**Exercise requirements**
How many of the lines below contain "Kaftan"? Answer with that number alone.

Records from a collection

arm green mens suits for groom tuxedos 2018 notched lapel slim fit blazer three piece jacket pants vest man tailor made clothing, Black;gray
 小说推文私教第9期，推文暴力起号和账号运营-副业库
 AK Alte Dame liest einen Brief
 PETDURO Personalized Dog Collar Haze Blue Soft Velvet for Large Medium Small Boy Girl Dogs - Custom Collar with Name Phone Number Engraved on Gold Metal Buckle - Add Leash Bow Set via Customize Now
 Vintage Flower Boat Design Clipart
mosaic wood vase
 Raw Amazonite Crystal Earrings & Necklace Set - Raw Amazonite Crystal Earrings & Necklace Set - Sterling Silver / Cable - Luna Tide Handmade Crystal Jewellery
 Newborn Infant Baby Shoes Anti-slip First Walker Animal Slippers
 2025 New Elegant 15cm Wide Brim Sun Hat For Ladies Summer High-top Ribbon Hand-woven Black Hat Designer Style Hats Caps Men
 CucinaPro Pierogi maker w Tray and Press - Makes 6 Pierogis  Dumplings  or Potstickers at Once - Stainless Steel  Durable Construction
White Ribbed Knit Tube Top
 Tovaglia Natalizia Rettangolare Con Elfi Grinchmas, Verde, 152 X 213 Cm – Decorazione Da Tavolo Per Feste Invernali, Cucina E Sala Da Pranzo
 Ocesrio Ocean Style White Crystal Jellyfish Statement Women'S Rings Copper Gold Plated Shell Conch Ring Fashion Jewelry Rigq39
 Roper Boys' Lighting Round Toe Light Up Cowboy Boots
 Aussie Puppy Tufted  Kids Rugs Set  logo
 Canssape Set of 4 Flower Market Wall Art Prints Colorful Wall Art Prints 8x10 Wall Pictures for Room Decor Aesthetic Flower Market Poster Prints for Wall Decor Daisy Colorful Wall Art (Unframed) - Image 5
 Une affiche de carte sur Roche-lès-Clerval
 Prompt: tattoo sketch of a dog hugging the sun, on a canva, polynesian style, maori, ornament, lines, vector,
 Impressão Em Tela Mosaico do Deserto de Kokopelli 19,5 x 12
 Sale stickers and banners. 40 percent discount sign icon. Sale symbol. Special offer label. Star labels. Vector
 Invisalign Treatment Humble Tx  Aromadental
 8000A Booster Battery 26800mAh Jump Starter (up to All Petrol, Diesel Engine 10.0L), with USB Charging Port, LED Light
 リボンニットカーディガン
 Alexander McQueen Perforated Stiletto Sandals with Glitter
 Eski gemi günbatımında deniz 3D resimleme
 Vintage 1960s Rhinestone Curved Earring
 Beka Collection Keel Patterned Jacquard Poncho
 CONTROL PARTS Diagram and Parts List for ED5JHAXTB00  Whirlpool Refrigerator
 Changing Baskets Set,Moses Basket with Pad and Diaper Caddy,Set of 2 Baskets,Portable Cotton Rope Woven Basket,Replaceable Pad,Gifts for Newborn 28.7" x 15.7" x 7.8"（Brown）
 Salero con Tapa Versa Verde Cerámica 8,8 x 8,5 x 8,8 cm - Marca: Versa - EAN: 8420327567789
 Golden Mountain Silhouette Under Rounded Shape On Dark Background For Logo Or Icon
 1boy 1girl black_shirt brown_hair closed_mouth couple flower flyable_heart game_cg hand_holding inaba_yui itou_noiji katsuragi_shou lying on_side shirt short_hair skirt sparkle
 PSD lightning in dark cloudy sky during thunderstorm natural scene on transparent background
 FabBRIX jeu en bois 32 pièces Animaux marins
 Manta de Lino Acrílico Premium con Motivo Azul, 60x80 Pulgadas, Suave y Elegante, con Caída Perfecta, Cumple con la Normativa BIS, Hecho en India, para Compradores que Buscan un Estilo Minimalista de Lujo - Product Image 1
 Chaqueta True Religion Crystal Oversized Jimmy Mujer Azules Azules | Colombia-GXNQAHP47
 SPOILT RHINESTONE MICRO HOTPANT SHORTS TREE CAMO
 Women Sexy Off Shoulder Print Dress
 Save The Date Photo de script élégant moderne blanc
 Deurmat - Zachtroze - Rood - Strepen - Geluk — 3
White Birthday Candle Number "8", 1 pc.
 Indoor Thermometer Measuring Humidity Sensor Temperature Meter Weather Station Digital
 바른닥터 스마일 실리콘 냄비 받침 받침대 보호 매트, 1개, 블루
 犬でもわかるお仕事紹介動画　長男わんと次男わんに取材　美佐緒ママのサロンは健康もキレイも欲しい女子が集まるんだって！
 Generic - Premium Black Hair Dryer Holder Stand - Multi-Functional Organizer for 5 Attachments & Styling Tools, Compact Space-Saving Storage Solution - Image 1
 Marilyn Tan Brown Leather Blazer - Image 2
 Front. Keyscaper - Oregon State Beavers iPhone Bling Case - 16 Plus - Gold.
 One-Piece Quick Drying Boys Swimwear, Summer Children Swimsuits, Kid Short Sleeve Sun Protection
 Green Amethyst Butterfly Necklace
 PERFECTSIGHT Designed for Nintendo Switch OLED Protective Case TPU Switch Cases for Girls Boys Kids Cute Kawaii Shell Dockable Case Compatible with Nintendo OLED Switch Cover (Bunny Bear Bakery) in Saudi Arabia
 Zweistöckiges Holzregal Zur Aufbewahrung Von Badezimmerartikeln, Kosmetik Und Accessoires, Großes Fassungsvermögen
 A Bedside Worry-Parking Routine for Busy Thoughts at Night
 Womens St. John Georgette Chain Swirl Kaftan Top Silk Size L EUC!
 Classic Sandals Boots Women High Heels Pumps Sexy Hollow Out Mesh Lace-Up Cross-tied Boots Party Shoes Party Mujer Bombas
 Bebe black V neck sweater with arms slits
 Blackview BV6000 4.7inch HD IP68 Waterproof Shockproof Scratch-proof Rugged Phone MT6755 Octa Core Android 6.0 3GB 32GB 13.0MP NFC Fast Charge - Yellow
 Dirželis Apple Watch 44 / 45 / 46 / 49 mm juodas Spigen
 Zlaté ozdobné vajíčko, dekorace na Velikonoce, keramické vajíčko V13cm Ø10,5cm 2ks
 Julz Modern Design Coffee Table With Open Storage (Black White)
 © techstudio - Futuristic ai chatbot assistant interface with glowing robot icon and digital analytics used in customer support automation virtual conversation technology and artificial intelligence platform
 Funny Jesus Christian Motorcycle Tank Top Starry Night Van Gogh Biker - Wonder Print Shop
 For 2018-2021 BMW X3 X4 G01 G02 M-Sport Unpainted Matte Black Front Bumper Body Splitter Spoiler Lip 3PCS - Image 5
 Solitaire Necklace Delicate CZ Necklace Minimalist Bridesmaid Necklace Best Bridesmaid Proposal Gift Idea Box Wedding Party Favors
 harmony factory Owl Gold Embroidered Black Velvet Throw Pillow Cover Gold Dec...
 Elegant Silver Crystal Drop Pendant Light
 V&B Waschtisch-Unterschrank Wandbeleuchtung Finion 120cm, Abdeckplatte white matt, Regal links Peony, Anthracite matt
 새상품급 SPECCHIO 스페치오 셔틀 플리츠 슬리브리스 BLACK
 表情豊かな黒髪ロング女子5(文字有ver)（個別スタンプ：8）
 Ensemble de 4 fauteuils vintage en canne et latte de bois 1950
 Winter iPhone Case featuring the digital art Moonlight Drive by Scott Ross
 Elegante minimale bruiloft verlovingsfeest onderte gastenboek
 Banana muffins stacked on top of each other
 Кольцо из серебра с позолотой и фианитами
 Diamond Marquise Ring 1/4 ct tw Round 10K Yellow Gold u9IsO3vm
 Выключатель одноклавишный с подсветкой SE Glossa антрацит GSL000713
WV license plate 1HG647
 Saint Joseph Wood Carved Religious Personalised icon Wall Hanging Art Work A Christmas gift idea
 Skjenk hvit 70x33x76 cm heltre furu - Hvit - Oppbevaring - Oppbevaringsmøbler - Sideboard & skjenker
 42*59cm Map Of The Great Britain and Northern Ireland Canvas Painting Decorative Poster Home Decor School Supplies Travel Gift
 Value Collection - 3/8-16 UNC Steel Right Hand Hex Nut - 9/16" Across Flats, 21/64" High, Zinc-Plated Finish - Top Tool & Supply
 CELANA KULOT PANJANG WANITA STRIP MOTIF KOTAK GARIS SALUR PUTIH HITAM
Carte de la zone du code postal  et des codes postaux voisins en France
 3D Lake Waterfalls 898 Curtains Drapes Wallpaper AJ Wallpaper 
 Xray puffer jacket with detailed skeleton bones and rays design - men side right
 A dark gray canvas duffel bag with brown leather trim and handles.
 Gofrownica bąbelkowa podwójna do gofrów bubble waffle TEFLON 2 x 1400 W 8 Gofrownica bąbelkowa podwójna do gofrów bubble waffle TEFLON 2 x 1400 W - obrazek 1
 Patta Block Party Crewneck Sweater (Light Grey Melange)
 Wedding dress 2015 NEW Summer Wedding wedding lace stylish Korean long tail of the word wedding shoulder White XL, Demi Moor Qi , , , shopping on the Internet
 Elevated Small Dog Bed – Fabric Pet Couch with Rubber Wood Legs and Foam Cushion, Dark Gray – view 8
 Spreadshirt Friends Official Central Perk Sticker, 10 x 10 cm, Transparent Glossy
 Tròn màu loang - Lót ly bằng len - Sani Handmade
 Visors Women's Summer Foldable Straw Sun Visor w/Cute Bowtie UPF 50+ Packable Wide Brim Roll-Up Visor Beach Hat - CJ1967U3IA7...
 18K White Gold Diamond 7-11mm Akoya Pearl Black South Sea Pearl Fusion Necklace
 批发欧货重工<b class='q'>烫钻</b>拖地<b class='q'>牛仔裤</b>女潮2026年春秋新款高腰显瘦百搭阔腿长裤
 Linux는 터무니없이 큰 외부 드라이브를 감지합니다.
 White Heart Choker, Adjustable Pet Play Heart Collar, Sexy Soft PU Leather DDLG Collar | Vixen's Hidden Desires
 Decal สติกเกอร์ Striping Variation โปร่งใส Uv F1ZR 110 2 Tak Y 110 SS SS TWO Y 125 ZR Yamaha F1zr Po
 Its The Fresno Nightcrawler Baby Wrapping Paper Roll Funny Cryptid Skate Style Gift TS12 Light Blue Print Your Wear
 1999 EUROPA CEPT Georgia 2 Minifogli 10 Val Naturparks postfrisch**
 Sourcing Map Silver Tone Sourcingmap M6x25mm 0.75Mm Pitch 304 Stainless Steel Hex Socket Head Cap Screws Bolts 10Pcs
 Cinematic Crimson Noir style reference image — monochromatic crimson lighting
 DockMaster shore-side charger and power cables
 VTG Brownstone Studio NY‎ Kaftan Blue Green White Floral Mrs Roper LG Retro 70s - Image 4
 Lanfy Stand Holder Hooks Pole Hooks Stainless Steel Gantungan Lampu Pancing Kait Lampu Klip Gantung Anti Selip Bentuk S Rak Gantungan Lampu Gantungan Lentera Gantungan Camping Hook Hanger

**Result**
2